The goal: upload a file to FastAPI in chunks and process them without saving to hard drive. I have reviewed several similar topics. For example, issue73442335, issue70520522. In issue65342833 it was said, Starlette saves to hard drive any files large than 1 MB. As I'm going to forward my chunks to a cloud, I don't want any storaging of temp files. Is that possible to keep a chunk AND payload in memory before processing them further?
Here is my code.
app.py
from fastapi import Request
from pydantic import parse_obj_as
from pydantic.dataclasses import dataclass
import json
@dataclass
class Payload:
part: str
total_size: int
chunk_size: int
def __repr__(self):
return f"<FormData: part={self.part} total_size={self.total_size}"
@app.post('/upload')
async def upload(request: Request):
filename = request.headers.get('filename')

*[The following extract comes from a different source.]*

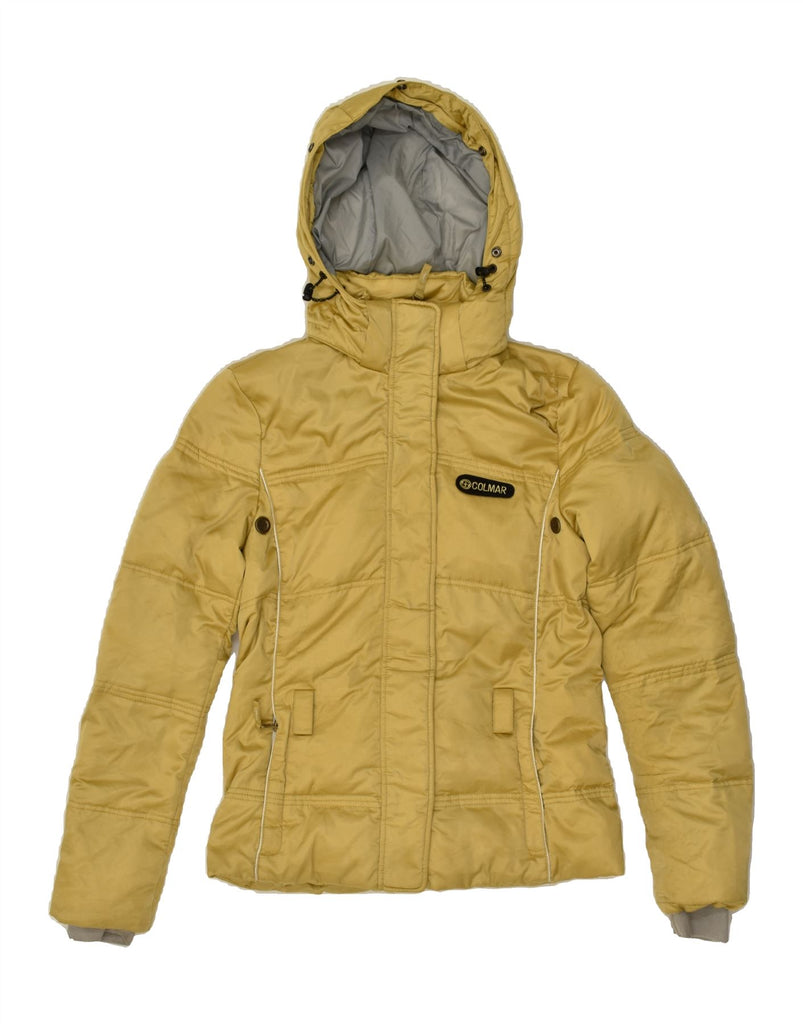 COLMAR Womens Hooded Padded Jacket EU 38 Medium Yellow | Vintage Colmar | Thrift | Second-Hand Colmar | Used Clothing | Messina Hembry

transferred_data = await request.form()
file_chunk = transferred_data['file_chunk'].file.read()
json_loads = json.loads(transferred_data['payload'])

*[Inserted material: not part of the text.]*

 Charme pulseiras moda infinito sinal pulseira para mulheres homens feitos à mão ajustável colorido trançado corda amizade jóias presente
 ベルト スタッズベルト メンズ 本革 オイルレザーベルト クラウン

payload = parse_obj_as(Payload, json_loads)
I hesitate that these two lines
transferred_data = await request.form()
file_chunk = transferred_data['file_chunk'].file.read()

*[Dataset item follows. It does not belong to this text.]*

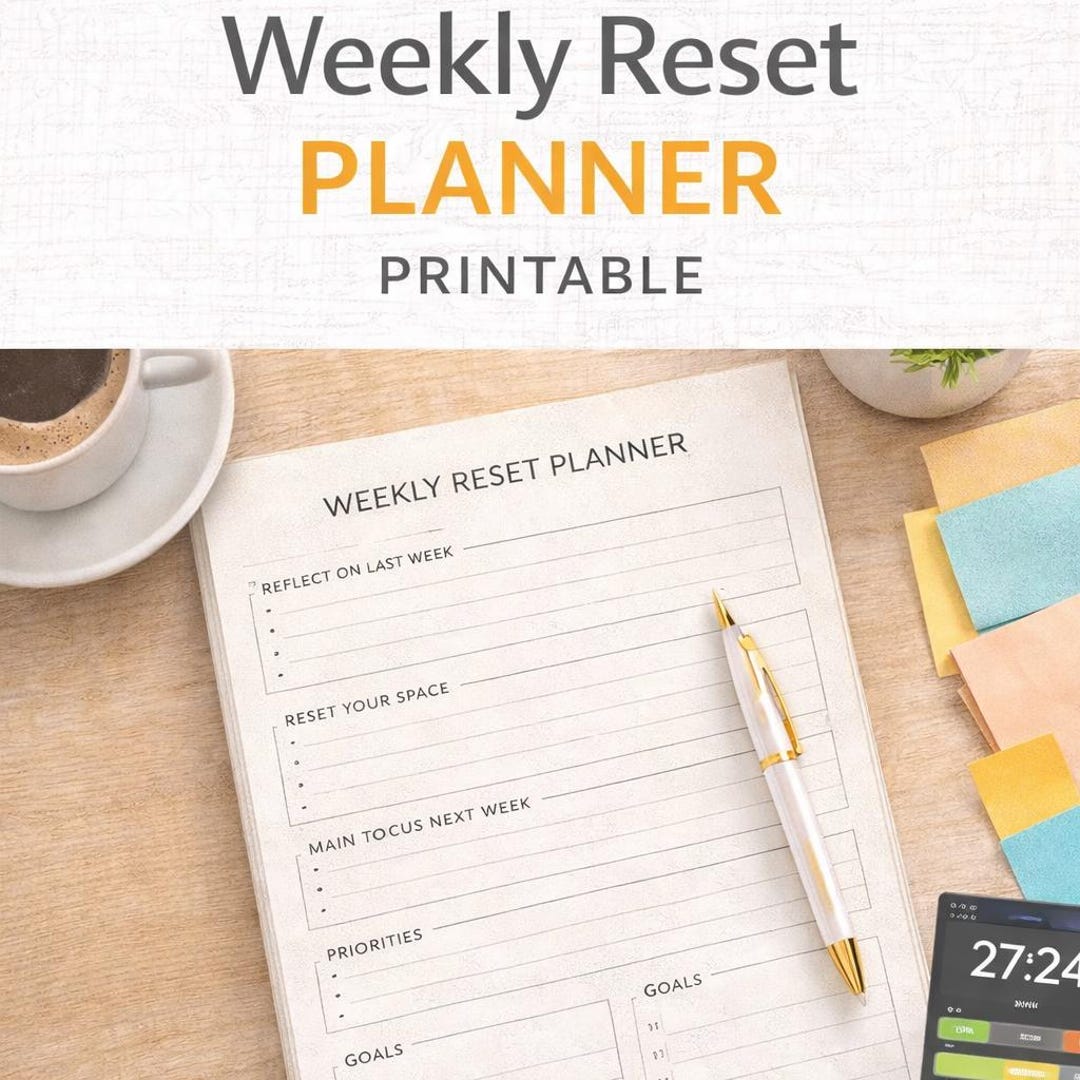 Weekly Reset Planner Printable – Weekly Review Template, Productivity ...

keep data in memory as it is based on Starlette and contains UploadFile inside. BTW, how can I check how FastAPI uses hard drive?
test.py
import json
import os
import secrets
import requests
from requests_toolbelt import MultipartEncoder
CHUNK_SIZE = 1024 * 1024 * 5 # 5 MB
URL = 'http://localhost:8000/upload'
FILE_PATH = 'temp.txt'
counter = 1
with open(FILE_PATH, 'rb') as f:
while True:
chunk = f.read(CHUNK_SIZE)
if not chunk:
break
payload = {
'part': str(counter),
'total_size': str(os.path.getsize(FILE_PATH)),
'chunk_size': str(CHUNK_SIZE),
}
m = MultipartEncoder(
fields={
'payload': json.dumps(payload),
'file_chunk': ('file_chunk', chunk, 'application/octet-stream')
}
)
response = requests.post(URL, headers={'Content-Type': m.content_type, 'filename': f.name}, data=m, stream=True)
print(response.text)
counter += 1
Another possible solution could me an adjustment of Starlette class MultiPartParser and its attribute max_file_size. Perhaps, custom middleware would help.